Die Gemeinde Pähl will für die Wege in der Pähler Schlucht nicht mehr die Verantwortung tragen: In der jüngsten Gemeinderatssitzung wurde laut Auskunft von Bürgermeister Simon Sörgel bei nur einer Gegenstimme beschlossen, „einen Entwidmungsprozess zu starten.“ An dessen Ende soll die Kommune nicht mehr für Unterhalt und Verkehrssicherungspflicht der Wege zuständig sein. Hauptgrund ist das enorme Haftungsrisiko, dass die Gemeinde im Fall von Unfällen eingeht. Zudem würden die Kosten für die Wegesicherung mehrere Millionen Euro betragen.
Die Schlucht, vormals wildromantisches Ausflugsziel mit 15 Meter hohem Wasserfall, ist schon seit drei Jahren gesperrt: Die Kommune hatte nach einem Starkregen, der im Juni 2021 einen Felssturz auslöste, die Schlucht wegen Lebensgefahr mittels Allgemeinverfügung bis auf Weiteres gesperrt. Das Betreten des als Naturschutzgebiet ausgewiesenen Areals abseits der offiziellen Wege ist seither verboten.

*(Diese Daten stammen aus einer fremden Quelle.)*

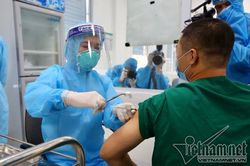 Đã tiêm vắc xin Covid-19 cho hơn 11.000 người, 14 trường hợp có phản ứng nặng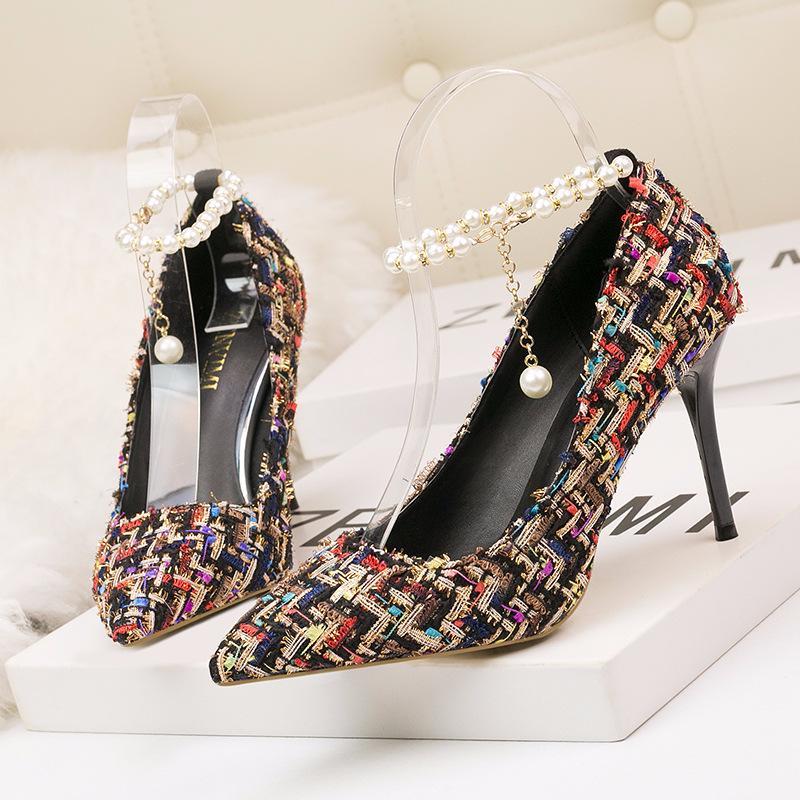 

Xiaoxiang тонкие высокие каблуки женские туфли тонкие каблуки высокие каблуки заостренные шерстяной материал жемчужная цепочка односложный ремень одинарные туфли 39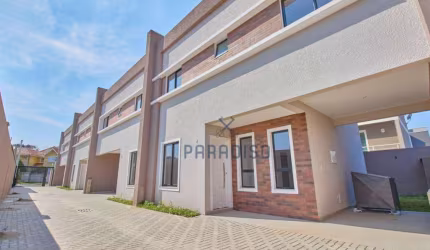 Sobrado com 3 dormitórios à venda, 120 m² por R$ 690.000 - Santa Felicidade - Curitiba/PR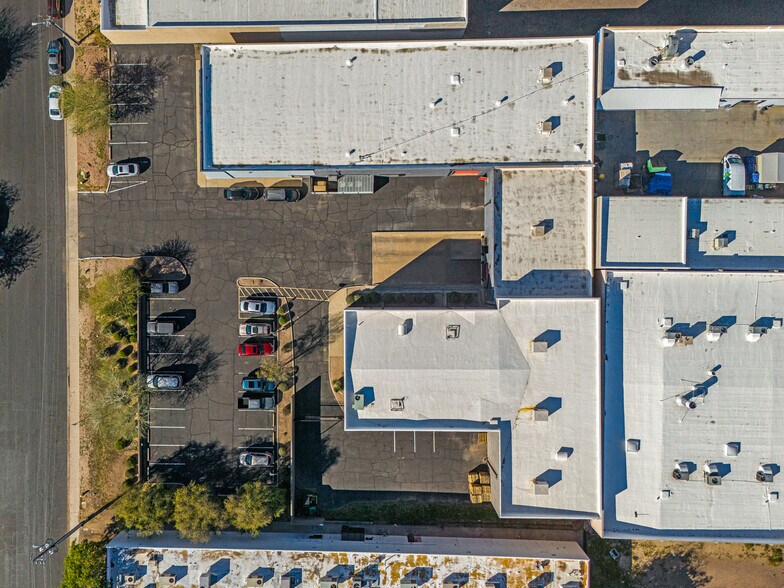 More Photos Of 1926 W North Ln, Phoenix Distribution For Lease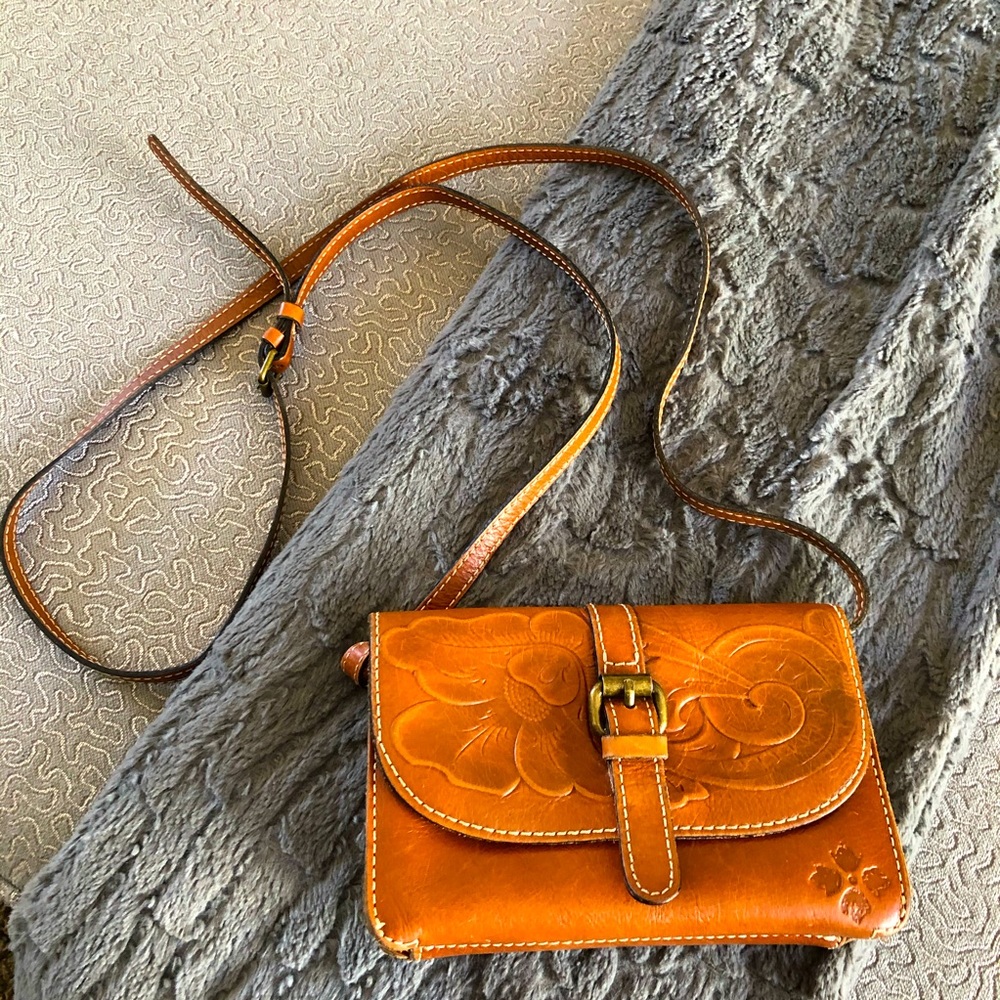 Patricia Nash Vintage Cross Body Tooled Leather Tan Small Purse Floral Buckle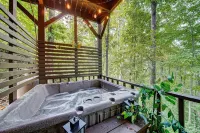 Bear Bottoms with Fireplace & Hot Tub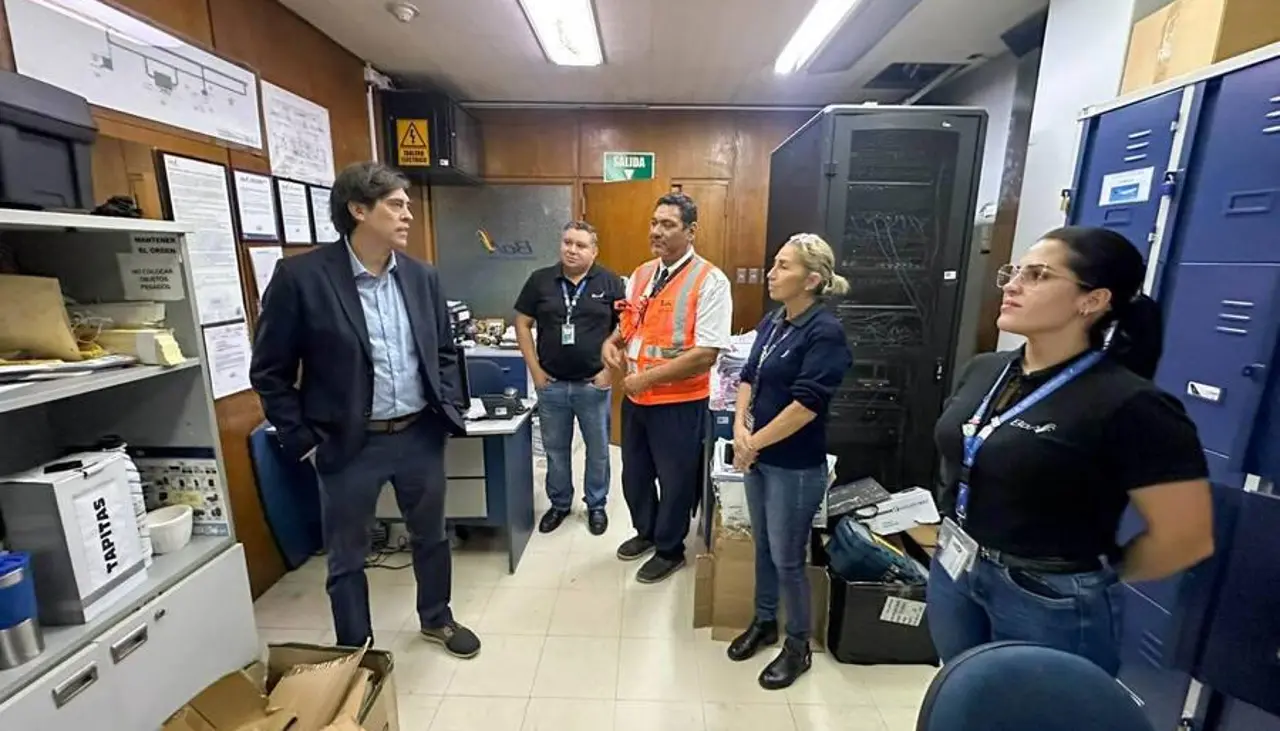 Ministro de Obras Públicas inspeccionó el aeropuerto de Viru Viru e identificó oportunidades para mejoras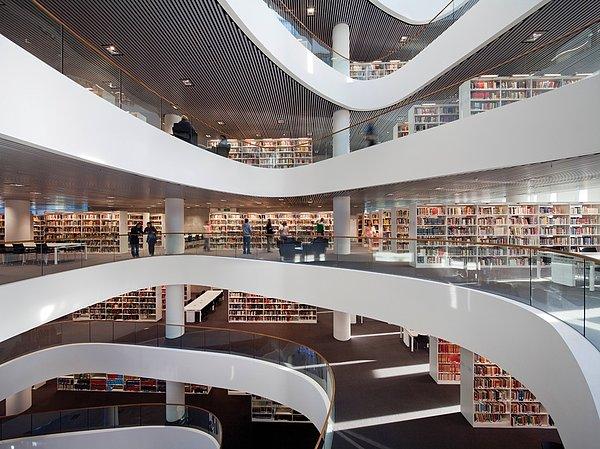 Sir Duncan Rice Kütüphanesi (Aberdeen Üniversitesi), İskoçya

Das vielschichtige Terrain zwischen der östlichen Ortsgrenze von Pähl und der Olympiastraße (B2) bietet eine der wenigen Gelegenheiten, an den Wänden die Geologie des Alpenvorlands und die erosive Kraft des Burgleitenbachs zu verfolgen. Der umgebende Schluchtwald wurde jedoch beim Abholzen im Februar 2014 stark beeinträchtigt: Die Eigentümer ließ mit Billigung des damaligen Bürgermeisters hunderte alte Bäume mit brachialem Maschineneinsatz fällen. Der Bund Naturschutz Deutschland prangerte den Eingriff 2016 in seinem jährlichen Waldreport an: Die Pähler Schlucht führte die bundesweite Liste von zehn negativen Fallbeispielen in Deutschland an.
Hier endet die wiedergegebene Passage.